GME-Qwen2-VL-2B-Instruct
Property | Value |
---|---|
Model Size | 2.21B parameters |
Embedding Dimension | 1536 |
Max Sequence Length | 32768 |
Developer | Alibaba-NLP (Tongyi Lab) |
Paper | GME: Improving Universal Multimodal Retrieval by Multimodal LLMs |
What is gme-Qwen2-VL-2B-Instruct?
GME-Qwen2-VL-2B-Instruct is a powerful multimodal embedding model that represents a significant advancement in unified multimodal representation learning. Built by Alibaba's Tongyi Lab, this model can process text, images, and image-text pairs to produce universal vector representations, enabling sophisticated retrieval operations across different modalities.
Implementation Details
The model leverages the advanced Qwen2-VL architecture and supports dynamic resolution image input. It processes up to 1024 visual tokens per image and generates embeddings in a 1536-dimensional space. The model achieves impressive performance scores with 65.27 on MTEB-en, 66.92 on MTEB-zh, and 64.45 on UMRB benchmarks.
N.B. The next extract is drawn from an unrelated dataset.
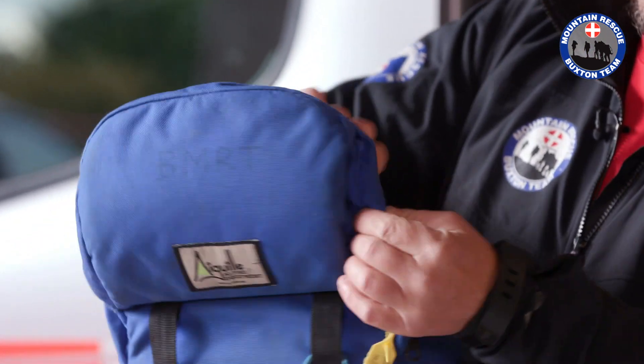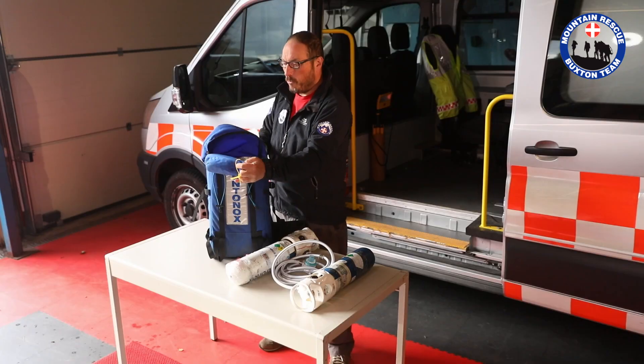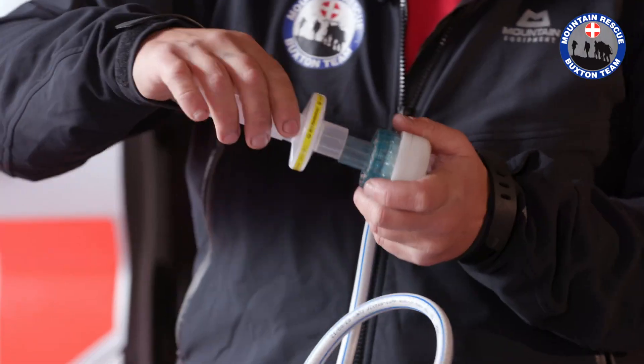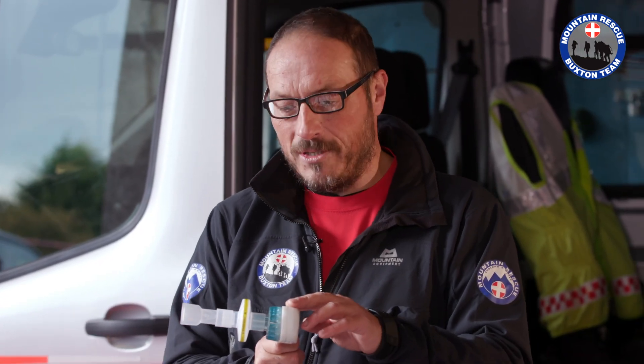Also, and you may have seen these — especially some of you ladies that have given birth — very similar to the gas and air that we have in hospital. There's a mouthpiece that fits on here. That pushes on very simply and we have a mouthpiece for the casualty to bite on. This is a regulator, essentially the same regulator that you might find on scuba equipment.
- Supports three input types: text, image, and image-text pairs
- Enables Any2Any Search capabilities across modalities
- Features dynamic image resolution support
- Implements efficient visual token processing
Core Capabilities
- Universal multimodal retrieval across text and images
- Strong performance in visual document retrieval tasks
- Excellent support for multimodal RAG applications
- State-of-the-art results in unified multimodal retrieval benchmark
- Enhanced document understanding for academic papers
Frequently Asked Questions
Q: What makes this model unique?
The model's ability to generate unified vector representations for different modalities, combined with its state-of-the-art performance in multimodal retrieval tasks, sets it apart. It's particularly notable for its strong visual document retrieval capabilities and support for dynamic image resolutions.
Q: What are the recommended use cases?
The model excels in multimodal retrieval tasks, document understanding, and multimodal RAG applications. It's particularly well-suited for academic paper analysis, cross-modal search operations, and applications requiring sophisticated document understanding capabilities.